Railway station in Arrah, Bihar, India

Ara Junction railway station (station code: ARA), is a railway station serving the city of Arrah in the Bhojpur district in the Indian state of Bihar. The Ara Junction railway station is well connected to most of the major cities in India by the railway network. It lies in between Buxar and Patna on Patna-Mughalsarai section of Howrah-Patna-Delhi main line which serves it with numerous trains.

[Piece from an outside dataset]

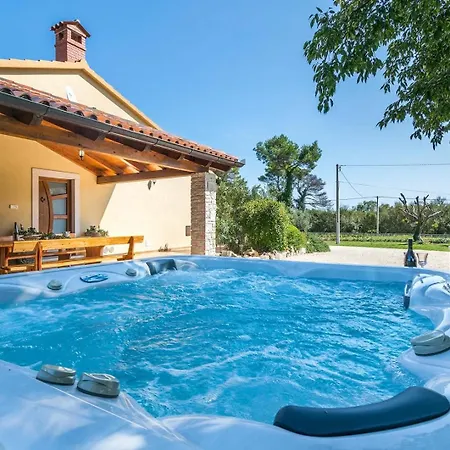 Villa Emanuel Barban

The Ara Bus Station is around 3 KM from the railway station.

Arrah is well connected to Patna, New Delhi, Mumbai, Kolkata, Bangalore, Kanpur, Pune, Ahmedabad, Chennai, Siliguri, Lucknow, Agra, Prayagraj, Varansi, Bhopal, Jaipur, Surat, Kota, Katihar, Amritsar, Chandigarh, Secunderabad, Guwahati, Ranchi, Jammu and Kashmir, Ajmer, Goa, Ernakulam, Anand Vihar Terminal, Jhansi, Jodhpur, Haridwar, Mysuru, Dibrugarh and other cities of India.

== Facilities ==
The major facilities available are waiting rooms, retiring room, computerized reservation facility, reservation counter, vehicle parking, etc. Vehicles are allowed to enter the station premises. There are refreshment rooms vegetarian and non vegetarian, tea stall, book stall, post and telegraphic office and Government Railway police (G.R.P) office. Automatic ticket vending machines have been installed to reduce the queue for train tickets on the station. and a gusarkhana. You can find good Litti Chokha shops just outside the railway station.

===Platforms===
There are four platforms at Arrah Junction. The platforms are interconnected with two pedestrian Foot-over-bridges (FOB).